Let your soul be at rest.  God will not fail you if you keep your promises and abandon yourself to God’s will.

Those words belong to St. Teresa of Avila.  I want them to be my words too.  There are days when worries and anxieties seem to take possession of me.  I can’t focus on anything else, no matter how hard I try. 

“Stay in the now!” I yell at myself.  “What do you, Julie, have to worry about?  Look at people around you, with tough rows to hoe, some in life or death situations.  How silly you are!”  Except the exclamation point doesn’t come with a smile.  I frown at myself in the mirror, and if you’ve ever seen me frown, well, I can be intimidating, let me tell you, especially when the brow furrows, too.  It’s the “mother’s glare” shot to myself.

Yep.  I know all the pat answers. 
You can look at the past, but don’t stare.
Don’t dwell in the past, instead get the hell out of there.
Almost all the things you worry about never happen.
Worrying is projecting fear into the future, and it isn’t real.

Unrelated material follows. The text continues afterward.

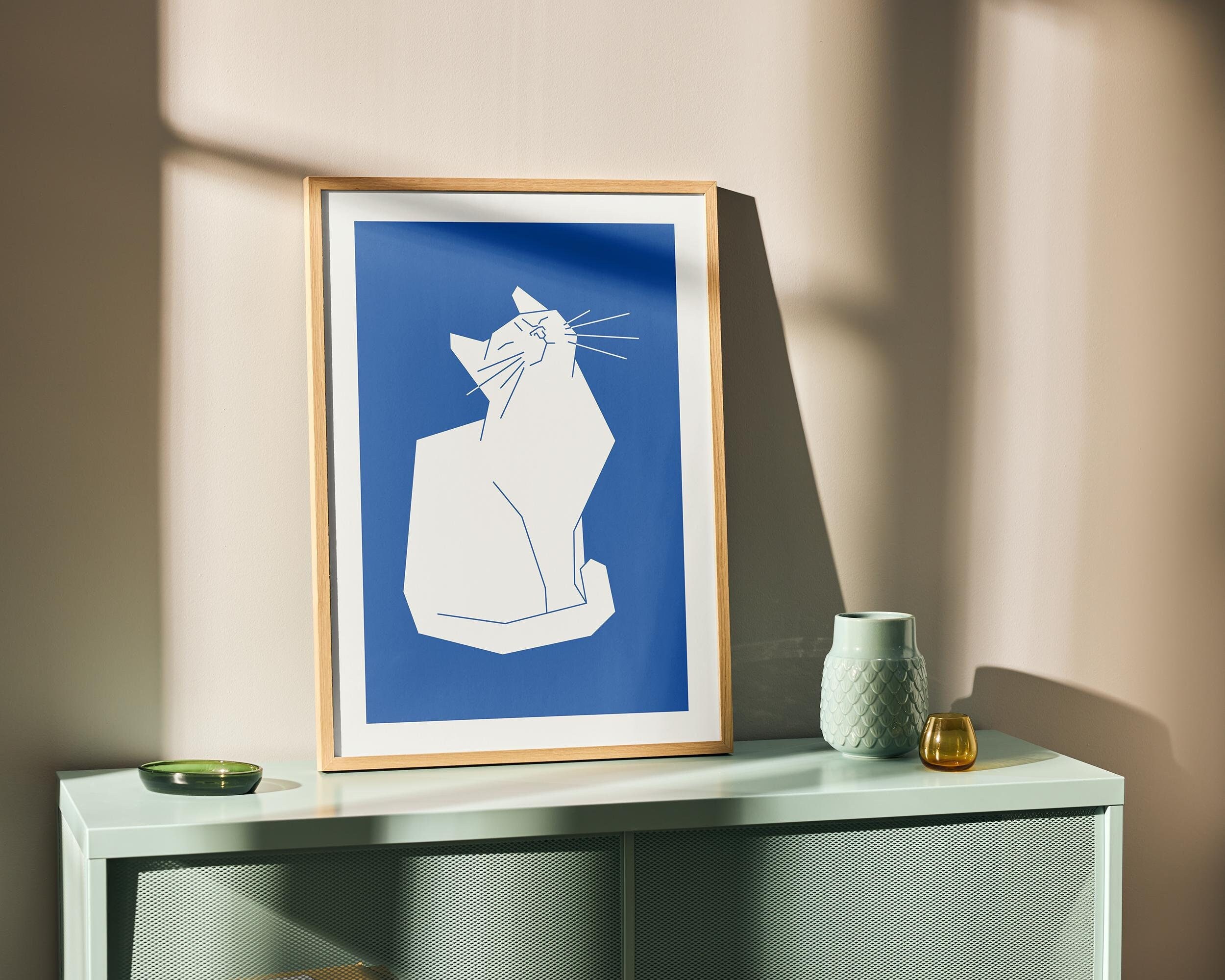 man wearing grey t-shirt standing in front of man sitting on chair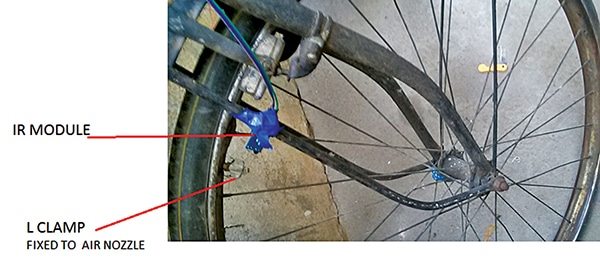 Authors prototype showing attachment of the IR module to a bicycle wheel for speed measurement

There’s always a place for self-examination.  But I’m learning that yelling at someone, even myself, doesn’t make nearly the dent in learning as compassion and kindness.  Here I am, getting closer to 60 than I could have ever imagined, and practicing putting an arm around myself to say, “Okay.  Deep breath.  Excellent.  Is this life or death?  Can we get through just this moment?  We are very resourceful, and if I can’t figure this out on my own, I can ask for help.”

The best is that we AREN’T in this alone.  We are a community who loves and accepts one another, just as we are, encouraging one another and sharing joys as well as heartaches.  We promise that to God and to each other in our membership vows.

But best of all, we are here to remind each other that God, Godself, will not leave as alone.  God is always here, dark days and bright days.  God’s will is love, not fear. 
L-O-V-E.  That’s God’s promise to us, and God NEVER breaks God’s promises.  That’s a fact.  And a beautiful covenant relationship, all around.  Promise!